アメリカは中国に対して、従来以上に厳しい姿勢で接しており、先日の日米首脳会談でも台湾問題について触れたことは大きな話題となった。
米中衝突の舞台は台湾となる可能性が高い。これは多くの専門家が指摘するところだ。
一方で、こうした見方を陰謀論や行き過ぎた中国脅威論だと見る向きもある。中国の軍事的拡大は紛れもない事実であるが、「損得を考えた場合、アメリカとの武力衝突は避けるはずだ」という楽観的な見立てをする人も一定数いる。たとえば岡田充・共同通信客員論説委員は「『台湾有事』はアメリカが言うように近いのか」という記事(東洋経済オンライン 4月22日)で、むしろアメリカには別の思惑があって危機を煽っているのではないか、と分析している。
では、有事となった際に、もっとも危険な現場に部下を赴かせる立場の自衛隊幹部たちはどう見ているのか。
もっともリアリティを持って分析をしている自衛隊の幹部たちの思考に触れる機会は少ない。現役の時には発言に慎重にならざるを得ないという面もあるのだろう。
元幕僚長らの座談会という形式で著された『自衛隊最高幹部が語る令和の国防』は、彼らの本音を知るうえで格好のテキストである。同書に元幹部として登場しているのは岩田清文・元陸上幕僚長、武居智久・元海上幕僚長、尾上定正・元航空自衛隊補給本部長。座談会の進行役は、安倍政権で国家安全保障局次長を務めた兼原信克氏である。

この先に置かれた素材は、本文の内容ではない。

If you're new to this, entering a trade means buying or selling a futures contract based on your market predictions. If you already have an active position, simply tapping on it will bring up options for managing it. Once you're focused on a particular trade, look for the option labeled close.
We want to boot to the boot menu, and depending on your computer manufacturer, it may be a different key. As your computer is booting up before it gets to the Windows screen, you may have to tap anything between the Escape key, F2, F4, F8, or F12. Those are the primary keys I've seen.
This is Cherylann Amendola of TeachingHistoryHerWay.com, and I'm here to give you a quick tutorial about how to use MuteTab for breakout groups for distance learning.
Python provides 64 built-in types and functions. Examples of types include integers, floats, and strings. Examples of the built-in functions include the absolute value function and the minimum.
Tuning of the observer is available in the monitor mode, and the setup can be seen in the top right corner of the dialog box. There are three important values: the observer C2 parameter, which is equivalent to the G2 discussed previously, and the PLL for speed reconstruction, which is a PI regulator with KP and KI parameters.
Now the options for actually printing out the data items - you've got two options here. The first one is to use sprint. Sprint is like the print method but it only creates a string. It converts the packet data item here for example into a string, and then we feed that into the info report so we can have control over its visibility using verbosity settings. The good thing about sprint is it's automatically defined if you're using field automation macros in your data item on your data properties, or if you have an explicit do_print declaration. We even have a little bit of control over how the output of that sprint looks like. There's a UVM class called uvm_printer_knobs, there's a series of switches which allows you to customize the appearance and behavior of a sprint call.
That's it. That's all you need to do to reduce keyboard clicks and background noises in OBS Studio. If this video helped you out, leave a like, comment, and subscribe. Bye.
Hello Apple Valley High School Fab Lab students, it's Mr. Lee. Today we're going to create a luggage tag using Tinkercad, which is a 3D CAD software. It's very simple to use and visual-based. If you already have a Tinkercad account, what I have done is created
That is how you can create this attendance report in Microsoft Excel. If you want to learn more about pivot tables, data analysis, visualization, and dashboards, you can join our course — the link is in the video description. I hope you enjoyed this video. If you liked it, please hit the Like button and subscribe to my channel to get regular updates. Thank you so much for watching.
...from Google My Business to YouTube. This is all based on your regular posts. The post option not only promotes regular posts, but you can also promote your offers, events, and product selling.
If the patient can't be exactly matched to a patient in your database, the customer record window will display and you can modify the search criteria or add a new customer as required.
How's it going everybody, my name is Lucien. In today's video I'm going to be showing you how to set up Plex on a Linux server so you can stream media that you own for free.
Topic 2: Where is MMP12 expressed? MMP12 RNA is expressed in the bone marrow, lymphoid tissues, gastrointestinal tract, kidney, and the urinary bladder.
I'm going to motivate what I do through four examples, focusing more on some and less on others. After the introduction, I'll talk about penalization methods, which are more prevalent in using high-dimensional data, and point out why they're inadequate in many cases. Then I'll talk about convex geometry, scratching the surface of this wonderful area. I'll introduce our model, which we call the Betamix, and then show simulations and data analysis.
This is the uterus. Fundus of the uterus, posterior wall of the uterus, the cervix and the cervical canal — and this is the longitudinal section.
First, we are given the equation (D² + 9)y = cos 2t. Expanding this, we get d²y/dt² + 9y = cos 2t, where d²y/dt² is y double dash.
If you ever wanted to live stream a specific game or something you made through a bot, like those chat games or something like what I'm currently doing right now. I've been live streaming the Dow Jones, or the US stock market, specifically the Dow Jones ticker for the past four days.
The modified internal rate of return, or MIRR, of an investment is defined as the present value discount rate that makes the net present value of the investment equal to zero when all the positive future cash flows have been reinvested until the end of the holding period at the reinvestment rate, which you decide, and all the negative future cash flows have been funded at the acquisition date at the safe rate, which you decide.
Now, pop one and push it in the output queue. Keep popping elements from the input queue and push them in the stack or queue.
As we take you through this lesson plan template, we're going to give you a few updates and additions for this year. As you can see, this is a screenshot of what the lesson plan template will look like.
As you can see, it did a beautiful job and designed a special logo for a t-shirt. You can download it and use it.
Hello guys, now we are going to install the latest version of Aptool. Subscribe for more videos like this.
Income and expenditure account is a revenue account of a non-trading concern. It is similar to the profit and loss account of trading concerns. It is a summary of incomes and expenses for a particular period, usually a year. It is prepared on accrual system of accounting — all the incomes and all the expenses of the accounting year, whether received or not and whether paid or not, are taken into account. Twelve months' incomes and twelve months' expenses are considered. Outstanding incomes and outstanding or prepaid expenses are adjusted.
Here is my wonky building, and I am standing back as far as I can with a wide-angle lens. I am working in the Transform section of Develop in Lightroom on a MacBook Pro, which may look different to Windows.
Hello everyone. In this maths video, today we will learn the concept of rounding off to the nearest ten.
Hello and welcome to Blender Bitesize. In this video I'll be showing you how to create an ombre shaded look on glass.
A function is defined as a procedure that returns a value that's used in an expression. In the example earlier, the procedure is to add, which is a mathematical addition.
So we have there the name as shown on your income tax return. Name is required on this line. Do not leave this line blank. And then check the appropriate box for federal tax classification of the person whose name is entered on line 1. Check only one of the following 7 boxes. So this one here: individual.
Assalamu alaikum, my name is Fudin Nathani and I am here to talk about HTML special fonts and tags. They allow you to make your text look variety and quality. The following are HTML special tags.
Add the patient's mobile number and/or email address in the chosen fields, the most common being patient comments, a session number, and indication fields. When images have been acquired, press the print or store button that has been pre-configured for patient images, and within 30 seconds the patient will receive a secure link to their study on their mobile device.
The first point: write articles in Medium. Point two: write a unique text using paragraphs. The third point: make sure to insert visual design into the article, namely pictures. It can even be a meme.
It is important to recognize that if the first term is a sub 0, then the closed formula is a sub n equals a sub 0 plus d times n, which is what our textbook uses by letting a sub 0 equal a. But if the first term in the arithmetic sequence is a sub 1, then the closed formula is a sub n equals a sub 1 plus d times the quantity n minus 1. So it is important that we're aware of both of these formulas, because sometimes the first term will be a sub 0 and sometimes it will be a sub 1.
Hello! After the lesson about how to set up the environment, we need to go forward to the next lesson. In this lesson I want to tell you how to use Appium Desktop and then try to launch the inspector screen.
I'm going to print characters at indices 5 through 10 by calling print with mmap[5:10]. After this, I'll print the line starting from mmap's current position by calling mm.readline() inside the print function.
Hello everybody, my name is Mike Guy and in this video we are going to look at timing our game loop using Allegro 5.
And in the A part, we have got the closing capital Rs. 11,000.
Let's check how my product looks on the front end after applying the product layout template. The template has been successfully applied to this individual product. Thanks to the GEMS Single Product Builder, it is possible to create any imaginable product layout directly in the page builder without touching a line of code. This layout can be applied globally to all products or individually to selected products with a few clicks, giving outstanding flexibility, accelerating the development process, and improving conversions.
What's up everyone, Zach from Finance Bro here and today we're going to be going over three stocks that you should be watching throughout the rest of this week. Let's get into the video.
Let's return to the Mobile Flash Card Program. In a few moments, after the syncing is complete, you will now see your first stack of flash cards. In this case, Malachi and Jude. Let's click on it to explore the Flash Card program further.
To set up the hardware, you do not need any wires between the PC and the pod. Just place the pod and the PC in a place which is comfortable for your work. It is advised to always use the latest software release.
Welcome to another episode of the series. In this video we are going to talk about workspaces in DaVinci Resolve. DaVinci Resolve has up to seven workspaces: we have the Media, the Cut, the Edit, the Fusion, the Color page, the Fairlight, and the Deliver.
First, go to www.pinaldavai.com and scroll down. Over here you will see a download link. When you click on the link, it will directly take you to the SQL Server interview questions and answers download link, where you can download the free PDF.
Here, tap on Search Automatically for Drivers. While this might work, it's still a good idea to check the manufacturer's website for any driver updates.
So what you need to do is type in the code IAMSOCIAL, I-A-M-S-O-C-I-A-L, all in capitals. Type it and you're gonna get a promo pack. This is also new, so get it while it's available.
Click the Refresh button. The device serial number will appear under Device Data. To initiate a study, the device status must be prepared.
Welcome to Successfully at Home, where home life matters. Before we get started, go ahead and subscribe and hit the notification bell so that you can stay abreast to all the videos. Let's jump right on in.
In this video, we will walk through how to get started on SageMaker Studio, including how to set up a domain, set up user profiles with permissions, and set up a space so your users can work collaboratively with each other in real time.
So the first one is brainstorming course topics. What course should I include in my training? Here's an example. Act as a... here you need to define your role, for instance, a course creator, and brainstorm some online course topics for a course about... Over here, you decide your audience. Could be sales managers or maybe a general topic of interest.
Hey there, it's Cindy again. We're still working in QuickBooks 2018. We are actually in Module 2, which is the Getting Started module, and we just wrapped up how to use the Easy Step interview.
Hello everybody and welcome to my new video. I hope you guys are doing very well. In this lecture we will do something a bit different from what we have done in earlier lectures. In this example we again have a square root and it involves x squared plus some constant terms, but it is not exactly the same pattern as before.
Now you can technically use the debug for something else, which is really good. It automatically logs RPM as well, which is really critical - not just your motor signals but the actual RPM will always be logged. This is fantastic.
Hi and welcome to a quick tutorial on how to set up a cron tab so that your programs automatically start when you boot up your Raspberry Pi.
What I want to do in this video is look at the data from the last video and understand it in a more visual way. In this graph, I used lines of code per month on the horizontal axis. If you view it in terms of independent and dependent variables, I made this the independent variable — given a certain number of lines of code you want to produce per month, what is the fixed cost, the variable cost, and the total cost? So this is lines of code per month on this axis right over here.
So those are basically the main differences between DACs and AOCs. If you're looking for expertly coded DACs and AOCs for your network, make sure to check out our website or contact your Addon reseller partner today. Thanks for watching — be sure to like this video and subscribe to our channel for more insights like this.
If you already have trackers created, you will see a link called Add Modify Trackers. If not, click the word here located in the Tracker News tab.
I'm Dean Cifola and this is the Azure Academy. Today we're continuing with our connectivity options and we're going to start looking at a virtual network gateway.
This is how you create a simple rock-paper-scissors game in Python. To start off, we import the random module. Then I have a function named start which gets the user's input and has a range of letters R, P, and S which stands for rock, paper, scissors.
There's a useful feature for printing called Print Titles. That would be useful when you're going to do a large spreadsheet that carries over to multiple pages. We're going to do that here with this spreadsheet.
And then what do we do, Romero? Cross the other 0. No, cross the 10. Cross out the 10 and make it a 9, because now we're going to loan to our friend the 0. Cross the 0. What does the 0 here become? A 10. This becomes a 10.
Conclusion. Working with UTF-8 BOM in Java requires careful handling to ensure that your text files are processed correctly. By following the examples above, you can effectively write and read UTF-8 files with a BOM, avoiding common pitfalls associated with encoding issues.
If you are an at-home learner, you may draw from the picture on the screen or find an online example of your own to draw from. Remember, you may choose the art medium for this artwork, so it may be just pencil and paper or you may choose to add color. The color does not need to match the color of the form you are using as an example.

外交、軍事のプロフェッショナル・エリートたちは、それぞれが台湾有事についてどう見ているか、印象的な発言をご紹介してみよう(すべて引用は『自衛隊最高幹部が語る令和の国防』より)。
日本の“無力化”を図る中国
まずは兼原氏の見立てと懸念である。
「台湾問題はダイレクトに日本にも関わってきます。反撃する米軍が日本の米軍基地や自衛隊を使わないはずはないので、台湾侵攻を試みる場合、中国はあらかじめ日本の無力化を図ろうとするでしょう。全面的に日本に斬りかかってくるのか。あるいは先島諸島や与那国等の、台湾に近い島々だけを攻撃対象としたハイブリッド戦を仕掛けてくるのか。そもそも先島諸島が北方領土のように中国に奪われる危険はないのか。
私が懸念しているのは、日本の西南方面でサイバー攻撃、EMP攻撃(電磁パルス攻撃)などを使って通信網や電力網が無力化され、自衛隊の継戦能力がなくなってしまうことです。また、経済面も心配です。中国が本気で日本と戦うとなったら、海上封鎖をするかもしれない。その場合、エネルギーと食糧と鉱物資源の輸入が途切れます。中国に深く根を張っている日本の製造業のサプライチェーンも対日制裁によって断絶されるでしょう。これに日本は耐えられるのか」
台湾独立派を殺傷し、新政権を樹立して寝返らせる
「台湾は日本防衛の最前線」と語る岩田氏は、中国が台湾に侵攻してくる場合の展開をこう読む。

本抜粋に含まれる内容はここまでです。